I believe in healing, but I’ve really struggled with how quickly it seems to happen in Scripture. Generally, though not always, all Jesus has to do is poke His finger in someone’s ear or make mud with His spit and rub it on someone’s eyes and what was “wrong” with them is made right. I long to be a part of a world where physical healing is no longer needed; in the meantime, I want “instant healings” like the ones Jesus so easily gives to those who come to Him to be a bigger part of my life. What, for instance, would it look like, if a loving touch was all it took to close a gash without stitches? How beautiful would it be if a broken bone was bound back together by the gentle hands of a friend? This is not my usual experience. I badly sprained my ankle in when I was 13 and it aches to this day, despite both healing prayer and physical therapy. When he was a teenager, my husband accidentally cut into the casing of one of his knuckles on his right pointer finger while trying to wash a really sharp knife and that finger remains crooked. And these are minor injuries: healing is a truly sensitive subject because many who pray for it do not get it and this sometimes results in death.

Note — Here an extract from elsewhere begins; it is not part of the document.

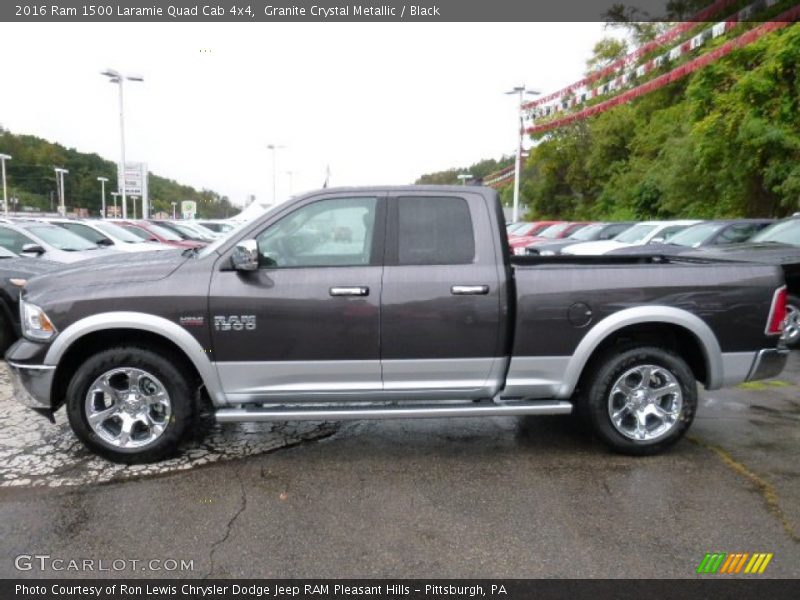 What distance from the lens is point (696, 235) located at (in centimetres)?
1106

Emotional healing seems to be an entirely different matter altogether. There is no way to stitch up a soul wound and many times, we are not told we should even need to. Emotional and spiritual wounds are intractable; how does one “heal” from something like Columbine or 9/11 or the loss of a parent at a young age? We can’t put the soul in a cast like we can a broken arm and wait an estimated amount of time before the parts that were split from each other grow back. Striving for a sense of normalcy after a tragedy is a natural response – how we all long to go back to the way things were “before.” But trying to do so after has, in my experience, added insult to injury. The soul, the psyche, the spirit do not heal the way flesh and bone often do.
And we should not expect them to. It is hard to heal. I think the book of Lamentations attests to this; we have as holy Scripture the words wrought from grief, despair and what seems like unending darkness. We want to jump back to normalcy or forward to healing but the most helpful thing I’ve found in the wake of the SPU tragedy is the permission to be broken. We want healing because, to state the obvious, pain hurts. But I think the reason it’s hard to heal is because we long for a goodness we will not fully know in this world. Wounds of all kinds are an indication that we do not have the world promised to us yet and thus, in some way, are the appropriate response. This is difficult for me, but it is also healing in itself to know that my struggle to find wholeness is not itself because of brokenness: in a broken world still longing in desperate wait for healing by remaking, it is hard to heal.